Muhadi alias Kiyo, penjaga kubur Yosodipuro, menuturkan bahwa
mandi di situ ada caranya. Yaitu: berniat mensucikan diri
khususnya menghadapi puasa. Kemudian membasuh tangan, muka, baru
berkeramas, begitu.
Toh menurut mereka padusan tidak harus dilakukan di Pengging
walaupun mereka selalu mandi di situ. "Itu kan karena kebetulan
kami dekat." Juga padusan tidak selalu harus menurut urutannya.
"Yang penting niatnya," kata Yoso Harjono, 62 tahun, penduduk
situ.
Ada lagi Cokro Tulung. Ini sebuah bangunan yang dibuat Belanda
dulu. Di situ terdapat sumber air ledeng untuk Kota Sala juga
sebuah pemandian dan sungai kecil yang bening. Letaknya 10 km
utara Pengging. Heri Kaswanto, karyawan pabrik kerupuk ABC di
Palur, Sala, yang sering datang ke sini, bilang: padusan paling
baik dilakukan di sumber air. "Karena airnya masih murni,
sehingga menjalankan puasa dalam keadaan benar-benar bersih,"
katanya.
Syahdan konon Danang Sutowidjojo, sebelum bernama Pangeran
Senopati alias Sultan Agung, ketika membabat Hutan Mentaok di
Kotagede, Yogya, butuh air untuk wudhu. Maka selesai berdoa, ia
mcmukul tanah dengan tangannya tiga kali. Wah! "Lantas di situ
keluar air, dan sekarang untuk pemandian anak cucu," cerita mBok
Pudjomargono, petugas pengantar tamu makam besat Puroloyo
Kotagede.
Di alas Mentaok itulah berdiri keraton Kerajaan Mataram, 1566.
Dan sumber air di situ diberi nama Seliran -- berada dalam
kompleks keraton. Tempat pemandian Pangeran Senopati itu
berukuran sekitar 5 x 10 meter. Kok kecil saja. Tapi ada dua
kolam, untuk putri dan putra.
Air itu, berasal dari dalam tanah, kondisinya sudah tidak
memenuhi syarat. Tapi belik (sumber) itu dianggap keramat.
"Pokoknya tergantung apa yang diminta," kata Hastonodihardjo,
abdi dalem Jajar Dondong makam besar Kotagede, tentang orang
yang mandi di sana.
Karenanya setiap hari banyak pengunjung, dan jumlahnya meningkat
di bulan Ruwah (Sya'ban), istimewa di hari-hari menjelang puasa.
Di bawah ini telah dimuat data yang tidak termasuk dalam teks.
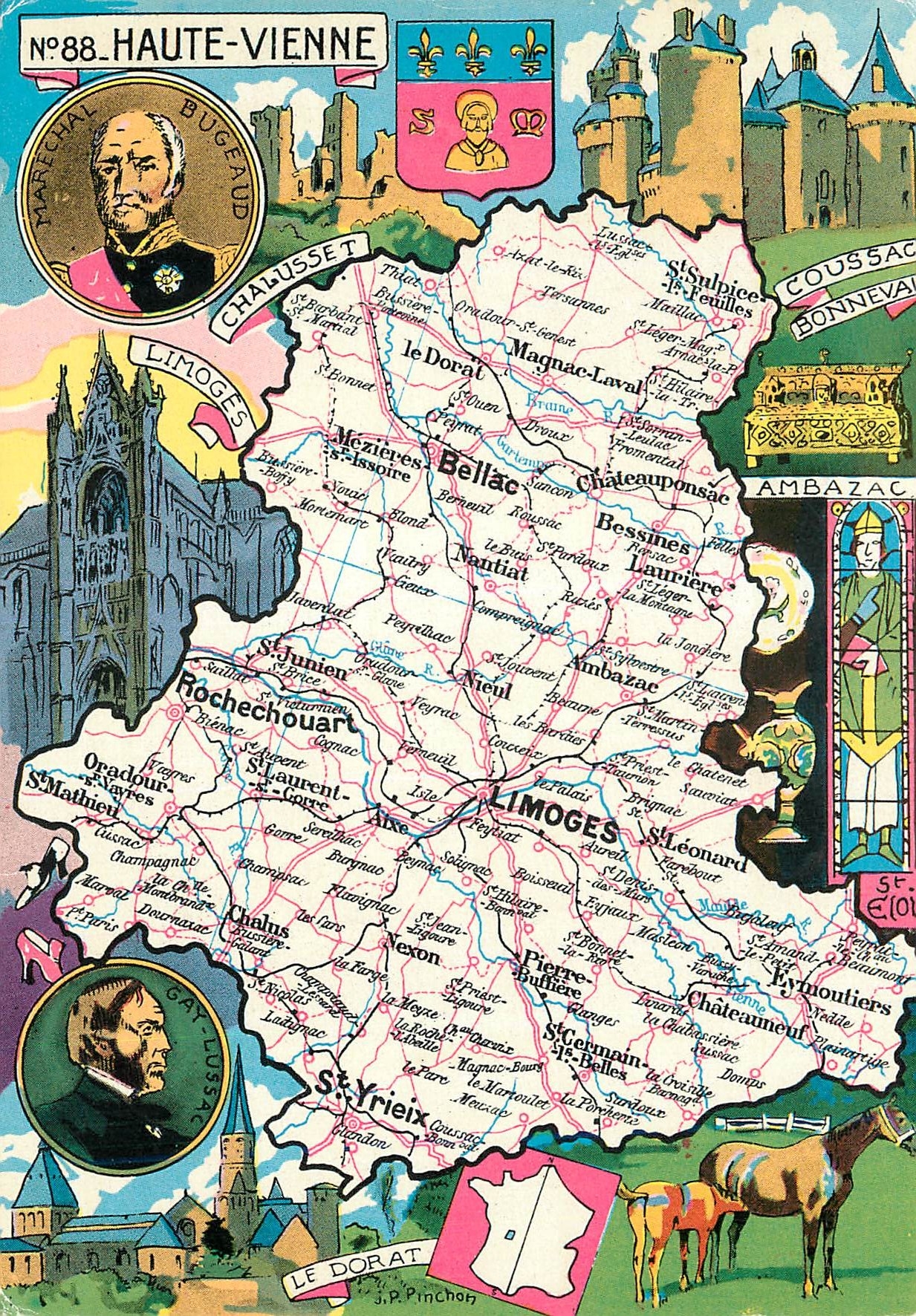 CPM Haute Vienne Forme en par paris inegates du Limousin de la Marche du Poisou et du Berry
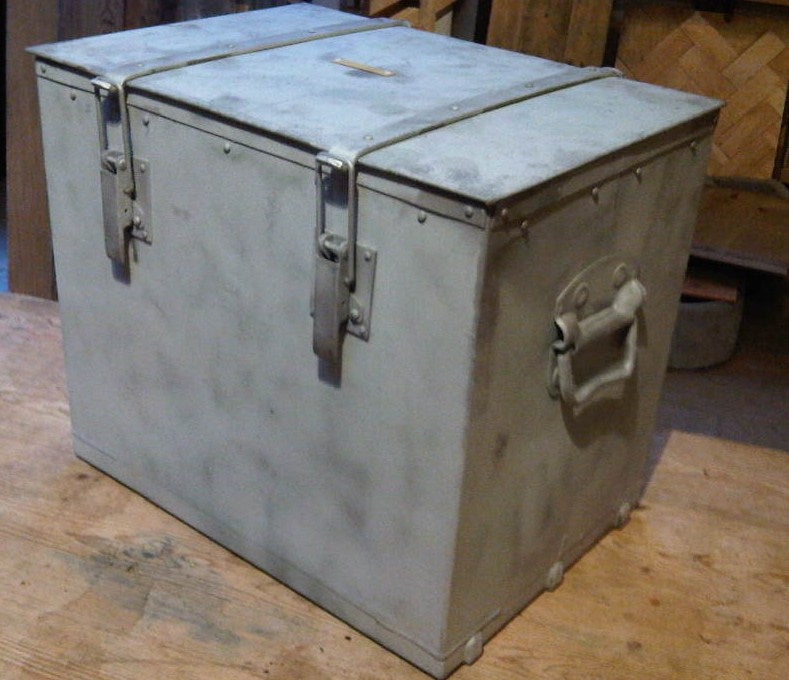 Old Metal Army Box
Berani bertaruh, berbagai bentuk adat menyambut puasa itu masih
hidup di hampir seluruh pelosok tanah air. Pihak ulama sih
biasanya keberatan pada unsur 'percampuran', khususnya dengan
kepercayaan pra Islam. Hanya, mana-mana yang bisa dimanfaatkan
lantas dibangun Dinas Pariwisata.
Tidak berarti semuanya dipelihara. Selama berpuluh tahun,
Dukderan berlangsung di sekitar Masjid Semarang: Kanjengan,
Pasar Johar sampai Jalan Agus Salim. Tapi sejak tiga tahunan
yang lalu, setelah depan Masjid Besar dijadikan pertokoan Ja'ik
Permai dan Kanjengan menjadi pusat Pertokoan Kanjengan, dan
Masjid Besar sendiri tenggelam di tengah segala bangunan
komersial -- lokasi tercecer-cecer. Ada yang di Jalan Agus
Salim, di depan masjid, ada pula di sekitar Hotel Asia atau
Jalan Beringin.
Dukderan jadi sepi. Para pedagang pada menguap. "Saya akan
jualan di Kudus saja, kata Sukamto, pedagang mainan asal
Sukoharjo. Kardi, pedagang asal Mayong yang spesialis mainan
tanah liat, juga bilang akan pindah ke Kudus. "Anak-anak
Semarang sudah banyak yang menyukai mainan buatan Taiwan."